Populações selvagens que se cruzam com suas contrapartes domesticadas podem adquirir características físicas ou comportamentais que mudam a forma como os híbridos funcionam em seu ecossistema, diz Claudio Quilodrán, geneticista conservacionista da Universidade de Genebra, não envolvido nesta pesquisa.

O efeito provavelmente será negativo, diz Quilodrán, já que algumas das características que chegam à população selvagem foram aprimoradas para uso humano, não para a sobrevivência no ambiente local.

As aves selvagens da selva perderam sua diversidade genética porque também se cruzaram. A heterozigosidade das aves – uma medida da diversidade genética de uma população – é agora apenas um décimo do que era há um século.

“Esse resultado é inicialmente contra-intuitivo”, diz Rheindt. “Se você misturar uma população com outra, geralmente esperaria uma maior diversidade genética”.

Mas as galinhas domesticadas têm uma diversidade genética tão baixa que certas versões de genes de aves selvagens estão sendo varridas da população por um tsunami de homogeneidade genética. A redução do conjunto de ferramentas genéticas desses animais pode deixá-los vulneráveis a ameaças de conservação.

“Ter muita diversidade genética dentro de uma espécie aumenta a chance de que certos indivíduos contenham o background genético para se adaptar a uma gama variada de diferentes mudanças ambientais e doenças”, diz Graham Etherington, biólogo computacional do Earlham Institute em Norwich, Inglaterra, que não participou desta pesquisa.
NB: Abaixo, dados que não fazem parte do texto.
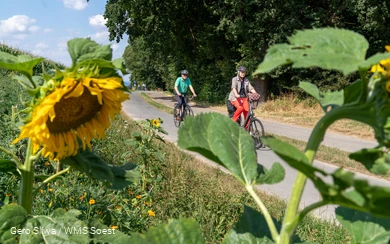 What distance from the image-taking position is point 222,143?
A: 0.85 meters

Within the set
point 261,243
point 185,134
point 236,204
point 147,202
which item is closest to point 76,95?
point 185,134

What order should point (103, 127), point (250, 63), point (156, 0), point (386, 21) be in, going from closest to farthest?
point (103, 127) < point (386, 21) < point (250, 63) < point (156, 0)

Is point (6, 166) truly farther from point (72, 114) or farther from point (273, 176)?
point (273, 176)

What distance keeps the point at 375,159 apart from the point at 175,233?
1.16ft

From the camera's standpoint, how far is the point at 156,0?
20.8 m

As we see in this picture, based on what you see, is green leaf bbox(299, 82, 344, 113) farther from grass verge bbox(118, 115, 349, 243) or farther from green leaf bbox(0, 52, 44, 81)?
grass verge bbox(118, 115, 349, 243)

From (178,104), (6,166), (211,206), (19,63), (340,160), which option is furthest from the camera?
(178,104)

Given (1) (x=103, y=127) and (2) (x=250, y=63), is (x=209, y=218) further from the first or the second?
(2) (x=250, y=63)

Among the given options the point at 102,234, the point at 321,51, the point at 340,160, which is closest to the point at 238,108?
the point at 340,160

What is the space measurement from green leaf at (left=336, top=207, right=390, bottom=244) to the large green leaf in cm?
22

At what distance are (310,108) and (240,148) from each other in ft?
54.1

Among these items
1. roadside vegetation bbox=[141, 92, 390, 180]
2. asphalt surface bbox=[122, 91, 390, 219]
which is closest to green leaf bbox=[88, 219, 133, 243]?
asphalt surface bbox=[122, 91, 390, 219]

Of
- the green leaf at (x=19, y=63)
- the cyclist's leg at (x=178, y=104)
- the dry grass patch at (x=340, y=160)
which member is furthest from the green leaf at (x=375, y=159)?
the cyclist's leg at (x=178, y=104)

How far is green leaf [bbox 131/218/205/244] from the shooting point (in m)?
0.72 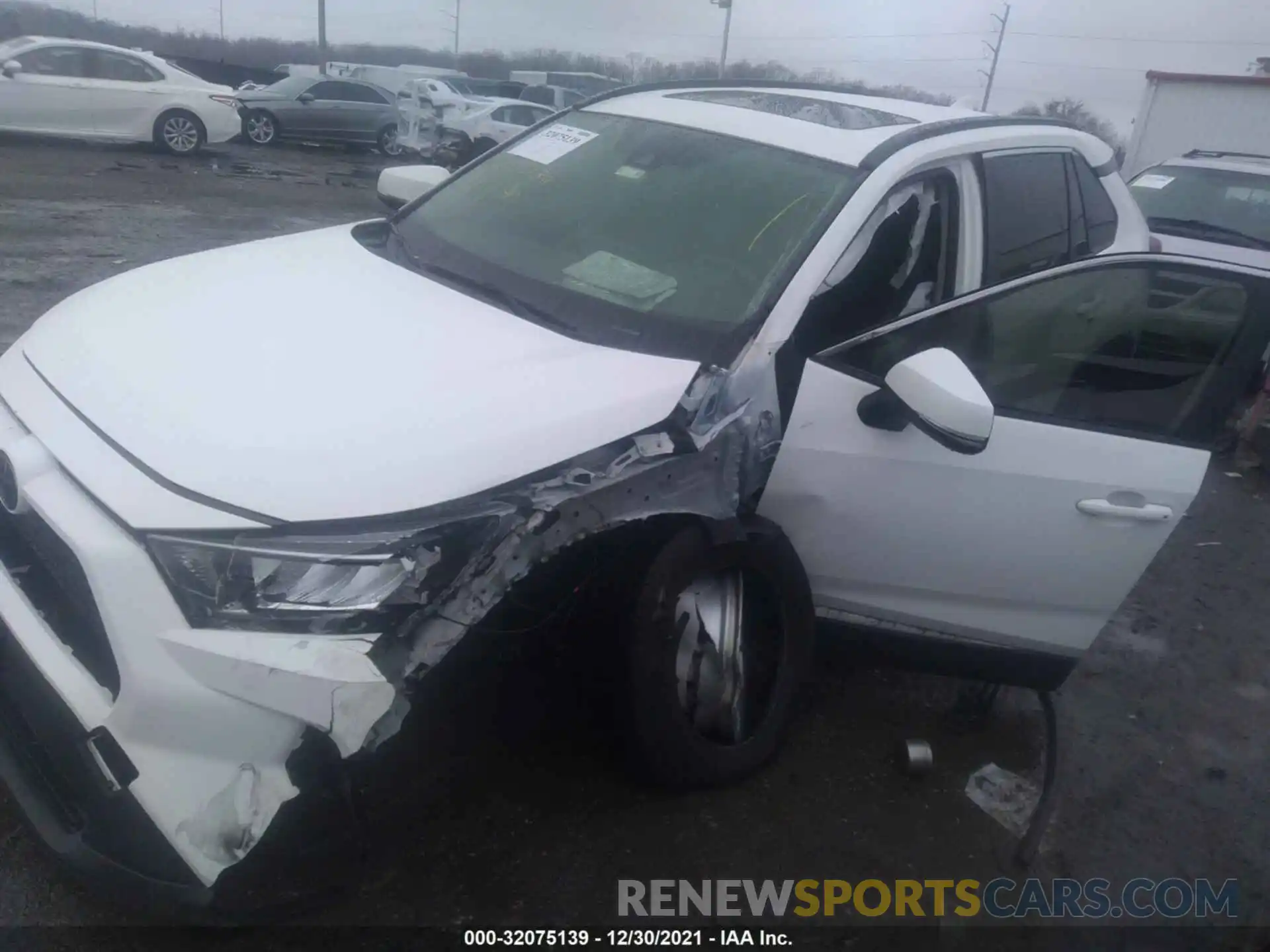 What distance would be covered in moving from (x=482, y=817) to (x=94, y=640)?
1.07 meters

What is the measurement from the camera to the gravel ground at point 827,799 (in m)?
2.44

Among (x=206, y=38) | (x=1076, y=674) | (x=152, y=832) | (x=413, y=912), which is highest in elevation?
(x=152, y=832)

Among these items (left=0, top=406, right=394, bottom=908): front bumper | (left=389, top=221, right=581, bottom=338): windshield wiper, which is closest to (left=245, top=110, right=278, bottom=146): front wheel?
(left=389, top=221, right=581, bottom=338): windshield wiper

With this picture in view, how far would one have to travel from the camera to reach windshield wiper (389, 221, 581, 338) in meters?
2.71

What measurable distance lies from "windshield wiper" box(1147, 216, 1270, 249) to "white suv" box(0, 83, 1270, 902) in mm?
4539

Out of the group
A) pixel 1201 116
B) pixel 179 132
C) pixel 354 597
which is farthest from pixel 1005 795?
pixel 179 132

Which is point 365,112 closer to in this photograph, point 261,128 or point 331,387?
point 261,128

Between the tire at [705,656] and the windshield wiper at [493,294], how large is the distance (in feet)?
2.12

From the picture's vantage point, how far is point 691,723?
269cm

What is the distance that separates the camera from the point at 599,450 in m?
2.29

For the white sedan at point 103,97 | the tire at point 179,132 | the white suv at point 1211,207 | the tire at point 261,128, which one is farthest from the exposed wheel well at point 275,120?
the white suv at point 1211,207

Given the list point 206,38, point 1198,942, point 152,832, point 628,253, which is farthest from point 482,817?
point 206,38

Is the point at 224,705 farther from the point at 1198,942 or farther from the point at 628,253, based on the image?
the point at 1198,942

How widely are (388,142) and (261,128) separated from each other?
2.40 metres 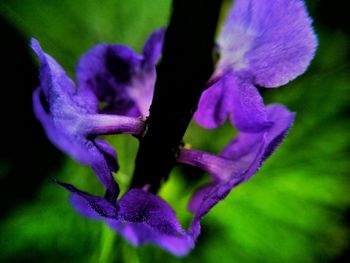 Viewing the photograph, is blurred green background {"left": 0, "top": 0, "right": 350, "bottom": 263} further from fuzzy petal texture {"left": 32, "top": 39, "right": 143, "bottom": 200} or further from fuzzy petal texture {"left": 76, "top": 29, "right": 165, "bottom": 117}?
fuzzy petal texture {"left": 32, "top": 39, "right": 143, "bottom": 200}

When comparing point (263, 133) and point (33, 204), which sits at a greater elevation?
point (263, 133)

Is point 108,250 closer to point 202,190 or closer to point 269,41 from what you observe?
point 202,190

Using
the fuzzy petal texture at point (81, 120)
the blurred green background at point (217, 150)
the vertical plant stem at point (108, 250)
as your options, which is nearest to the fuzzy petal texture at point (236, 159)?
the fuzzy petal texture at point (81, 120)

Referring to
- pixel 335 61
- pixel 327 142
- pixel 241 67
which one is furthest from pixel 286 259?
pixel 241 67

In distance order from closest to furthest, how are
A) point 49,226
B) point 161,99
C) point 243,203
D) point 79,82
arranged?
1. point 161,99
2. point 79,82
3. point 49,226
4. point 243,203

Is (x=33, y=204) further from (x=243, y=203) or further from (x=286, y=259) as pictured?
(x=286, y=259)

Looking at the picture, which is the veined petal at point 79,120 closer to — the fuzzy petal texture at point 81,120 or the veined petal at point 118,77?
the fuzzy petal texture at point 81,120

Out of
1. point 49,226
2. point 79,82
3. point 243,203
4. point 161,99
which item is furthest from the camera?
point 243,203

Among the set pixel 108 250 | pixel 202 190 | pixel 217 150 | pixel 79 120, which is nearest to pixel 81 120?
pixel 79 120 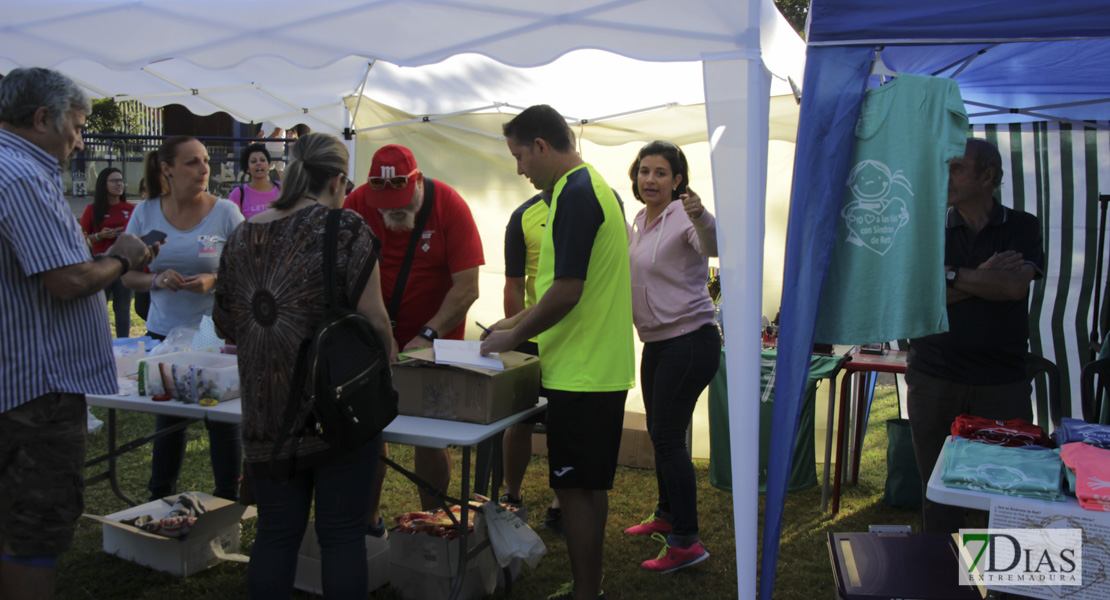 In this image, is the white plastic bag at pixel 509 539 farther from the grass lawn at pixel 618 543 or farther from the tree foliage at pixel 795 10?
the tree foliage at pixel 795 10

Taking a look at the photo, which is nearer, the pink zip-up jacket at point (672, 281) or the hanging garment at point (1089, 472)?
the hanging garment at point (1089, 472)

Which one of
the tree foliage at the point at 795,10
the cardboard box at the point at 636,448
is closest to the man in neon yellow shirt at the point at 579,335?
the cardboard box at the point at 636,448

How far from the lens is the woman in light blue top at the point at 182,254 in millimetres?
3268

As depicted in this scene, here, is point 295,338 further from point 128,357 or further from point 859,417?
point 859,417

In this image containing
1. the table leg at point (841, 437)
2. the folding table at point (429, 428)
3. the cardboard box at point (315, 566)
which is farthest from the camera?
the table leg at point (841, 437)

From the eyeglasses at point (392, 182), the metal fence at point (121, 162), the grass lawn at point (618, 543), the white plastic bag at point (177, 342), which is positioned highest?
the metal fence at point (121, 162)

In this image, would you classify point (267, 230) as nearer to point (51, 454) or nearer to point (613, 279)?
point (51, 454)

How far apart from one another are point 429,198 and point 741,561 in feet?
5.47

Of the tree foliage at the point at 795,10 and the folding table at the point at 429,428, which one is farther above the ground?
the tree foliage at the point at 795,10

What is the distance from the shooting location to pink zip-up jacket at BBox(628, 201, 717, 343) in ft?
10.3

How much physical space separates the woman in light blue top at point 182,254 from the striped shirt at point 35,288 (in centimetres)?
113

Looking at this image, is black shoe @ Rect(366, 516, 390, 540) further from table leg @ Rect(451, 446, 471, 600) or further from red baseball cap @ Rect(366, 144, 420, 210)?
red baseball cap @ Rect(366, 144, 420, 210)

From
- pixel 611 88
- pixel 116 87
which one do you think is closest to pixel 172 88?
pixel 116 87

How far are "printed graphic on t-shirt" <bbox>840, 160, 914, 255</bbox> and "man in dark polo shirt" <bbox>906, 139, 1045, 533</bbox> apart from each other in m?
0.46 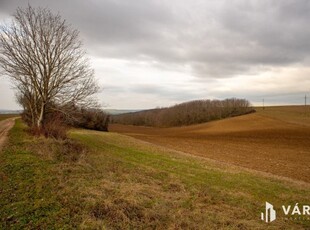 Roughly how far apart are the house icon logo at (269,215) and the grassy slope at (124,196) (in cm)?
21

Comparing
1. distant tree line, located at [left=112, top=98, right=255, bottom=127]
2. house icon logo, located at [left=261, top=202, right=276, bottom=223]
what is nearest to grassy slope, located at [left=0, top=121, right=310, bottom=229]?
house icon logo, located at [left=261, top=202, right=276, bottom=223]

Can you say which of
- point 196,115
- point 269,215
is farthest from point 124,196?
point 196,115

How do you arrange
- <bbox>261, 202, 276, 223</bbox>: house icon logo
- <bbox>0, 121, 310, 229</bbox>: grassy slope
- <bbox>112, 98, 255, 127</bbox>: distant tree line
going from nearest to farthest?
<bbox>0, 121, 310, 229</bbox>: grassy slope, <bbox>261, 202, 276, 223</bbox>: house icon logo, <bbox>112, 98, 255, 127</bbox>: distant tree line

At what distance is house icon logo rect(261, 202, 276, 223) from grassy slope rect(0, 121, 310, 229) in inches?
A: 8.1

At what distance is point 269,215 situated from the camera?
834 centimetres

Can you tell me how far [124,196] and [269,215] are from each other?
191 inches

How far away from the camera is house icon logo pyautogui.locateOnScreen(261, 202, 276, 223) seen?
787cm

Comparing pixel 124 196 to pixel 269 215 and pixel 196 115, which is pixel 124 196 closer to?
pixel 269 215

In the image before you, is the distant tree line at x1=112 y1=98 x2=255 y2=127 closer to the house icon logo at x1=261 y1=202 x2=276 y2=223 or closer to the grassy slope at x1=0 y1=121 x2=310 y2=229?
the grassy slope at x1=0 y1=121 x2=310 y2=229

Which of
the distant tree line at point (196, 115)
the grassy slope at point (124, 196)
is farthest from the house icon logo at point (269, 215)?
the distant tree line at point (196, 115)

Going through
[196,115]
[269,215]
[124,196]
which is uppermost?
[196,115]

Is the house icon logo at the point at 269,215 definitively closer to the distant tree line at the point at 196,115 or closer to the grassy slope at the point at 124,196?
the grassy slope at the point at 124,196

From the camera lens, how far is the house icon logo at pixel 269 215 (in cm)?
787

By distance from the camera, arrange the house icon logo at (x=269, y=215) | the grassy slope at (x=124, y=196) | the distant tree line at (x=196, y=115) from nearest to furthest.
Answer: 1. the grassy slope at (x=124, y=196)
2. the house icon logo at (x=269, y=215)
3. the distant tree line at (x=196, y=115) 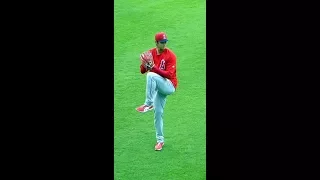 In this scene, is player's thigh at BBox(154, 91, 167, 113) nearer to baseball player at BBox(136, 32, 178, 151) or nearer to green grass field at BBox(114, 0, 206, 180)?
baseball player at BBox(136, 32, 178, 151)

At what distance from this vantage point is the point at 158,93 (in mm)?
9109

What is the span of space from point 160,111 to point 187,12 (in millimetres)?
4452

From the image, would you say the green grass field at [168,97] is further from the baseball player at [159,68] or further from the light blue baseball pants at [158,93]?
the baseball player at [159,68]

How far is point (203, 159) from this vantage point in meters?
9.44

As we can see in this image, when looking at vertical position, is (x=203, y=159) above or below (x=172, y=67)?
below

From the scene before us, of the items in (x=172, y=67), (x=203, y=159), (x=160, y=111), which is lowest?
(x=203, y=159)

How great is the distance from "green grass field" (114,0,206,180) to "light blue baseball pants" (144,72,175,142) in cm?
41

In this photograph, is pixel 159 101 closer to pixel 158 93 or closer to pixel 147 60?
pixel 158 93

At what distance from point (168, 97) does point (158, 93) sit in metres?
1.67

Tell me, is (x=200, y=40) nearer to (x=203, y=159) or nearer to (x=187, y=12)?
(x=187, y=12)

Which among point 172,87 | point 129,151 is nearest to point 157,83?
point 172,87

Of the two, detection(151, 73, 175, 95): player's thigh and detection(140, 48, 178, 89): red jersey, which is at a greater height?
detection(140, 48, 178, 89): red jersey

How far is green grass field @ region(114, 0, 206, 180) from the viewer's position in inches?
369

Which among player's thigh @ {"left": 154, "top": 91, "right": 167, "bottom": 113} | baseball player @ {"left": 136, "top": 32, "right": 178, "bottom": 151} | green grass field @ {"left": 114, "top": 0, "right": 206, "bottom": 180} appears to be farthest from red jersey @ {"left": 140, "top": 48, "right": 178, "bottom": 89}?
green grass field @ {"left": 114, "top": 0, "right": 206, "bottom": 180} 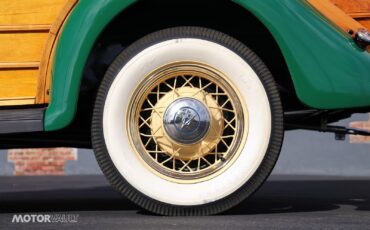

Um pool genético de aves da selva mais raso também pode significar recursos diminuídos para criar galinhas melhores. A genética de parentes selvagens às vezes é usada para reforçar a resistência a doenças ou pragas de plantas cultivadas domesticadas. Os genomas de aves selvagens podem ser igualmente valiosos por esse motivo.

“Se essa tendência continuar inabalável, as futuras gerações humanas só poderão acessar a totalidade da diversidade genética ancestral das galinhas na forma de espécimes de museu”, diz Rheindt, o que poderia dificultar os esforços de criação de galinhas usando os genes das aves selvagens.

Alguns países, como Cingapura, diz Rheindt, começaram a administrar as populações de aves selvagens para reduzir o cruzamento com galinhas.